# Wolverine



## jaytothekizzay (Apr 1, 2002)

I'm gonna be in Wolverine this coming weekend. I've got a 1/2 day to do a little fly-fishing. I'm thinking Pigeon, Sturgeon, or maybe the Black. Any recommendations? Are any of these rivers fishing better than the others right now?

Outdoor Hub mobile, the outdoor information engine


----------



## Rysalka (Aug 13, 2008)

Numerous tubers, kayakers on Sturgeon during weekends from Trowbridge public canoe launch to Wolverine, keep the fish down, can be good early or late in the day.
Water is clear and low on all local rivers.


----------



## jaytothekizzay (Apr 1, 2002)

Anyone know how the fishing is near that Trowbridge rd. Access?

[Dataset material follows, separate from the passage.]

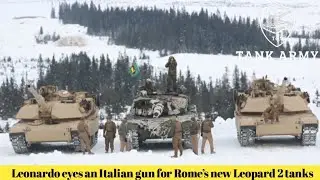 Leonardo eyes an Italian gun for Rome&rsquo;s new Leopard 2 tanks #fighterjet #lockheedmartin #militer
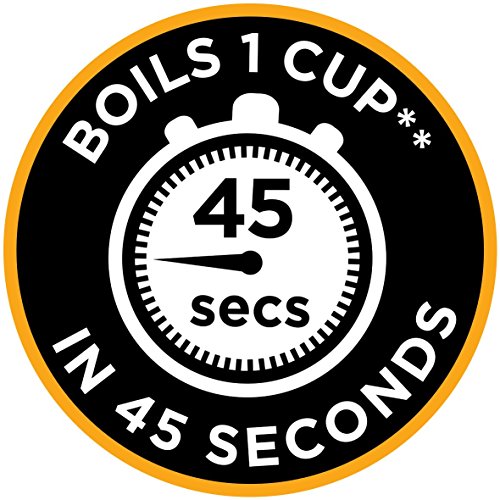 Russell Hobbs 23910 Adventure Brushed Stainless Steel Electric Kettle, Open Handle, 3000 W, 1.7 Litre, Brushed Steel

Outdoor Hub mobile, the outdoor information engine


----------



## jaytothekizzay (Apr 1, 2002)

Fished the Sturgeon today.... didnt slay em, but i did manage to hook and lose a hog. Landed a couple small trout though.

Outdoor Hub mobile, the outdoor information engine


----------



## Ralph Smith (Apr 1, 2003)

Here they get some nice browns on the pigeon after dark when things calm donw, might be worth a try.


----------